Dynamically Modulating Visual Place Recognition Sequence Length For Minimum Acceptable Performance Scenarios
Connor Malone, Ankit Vora, Thierry Peynot, Michael Milford
TL;DR
This work addresses maintaining a target visual place recognition performance under unreliable position sensing by dynamically modulating VPR sequence length. It combines coarse position priors with an MLP regression model trained on appearance-variation features derived from a region around the prior, selecting sequence lengths to exceed the target recall. A Leaky ReLU MSE loss and adjusted mutual information–based feature selection are introduced, and the method is validated across multiple datasets, showing improved consistency over fixed-length approaches while highlighting generalization and the value of non-SOTA, nuanced features. The results underscore practical performance metrics for robust, low-latency localization in real-world robotics, and offer insights into feature selection and transferability across conditions.
Abstract
Mobile robots and autonomous vehicles are often required to function in environments where critical position estimates from sensors such as GPS become uncertain or unreliable. Single image visual place recognition (VPR) provides an alternative for localization but often requires techniques such as sequence matching to improve robustness, which incurs additional computation and latency costs. Even then, the sequence length required to localize at an acceptable performance level varies widely; and simply setting overly long fixed sequence lengths creates unnecessary latency, computational overhead, and can even degrade performance. In these scenarios it is often more desirable to meet or exceed a set target performance at minimal expense. In this paper we present an approach which uses a calibration set of data to fit a model that modulates sequence length for VPR as needed to exceed a target localization performance.

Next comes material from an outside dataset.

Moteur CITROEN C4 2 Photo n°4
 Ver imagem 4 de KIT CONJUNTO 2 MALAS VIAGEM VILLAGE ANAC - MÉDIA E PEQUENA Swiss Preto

We make use of a coarse position prior, which could be provided by any other localization system, and capture the variation in appearance across this region. We use the correlation between appearance variation and sequence length to curate VPR features and fit a multilayer perceptron (MLP) for selecting the optimal length. We demonstrate that this method is effective at modulating sequence length to maximize the number of sections in a dataset which meet or exceed a target performance whilst minimizing the median length used. We show applicability across several datasets and reveal key phenomena like generalization capabilities, the benefits of curating features and the utility of non-state-of-the-art feature extractors with nuanced properties.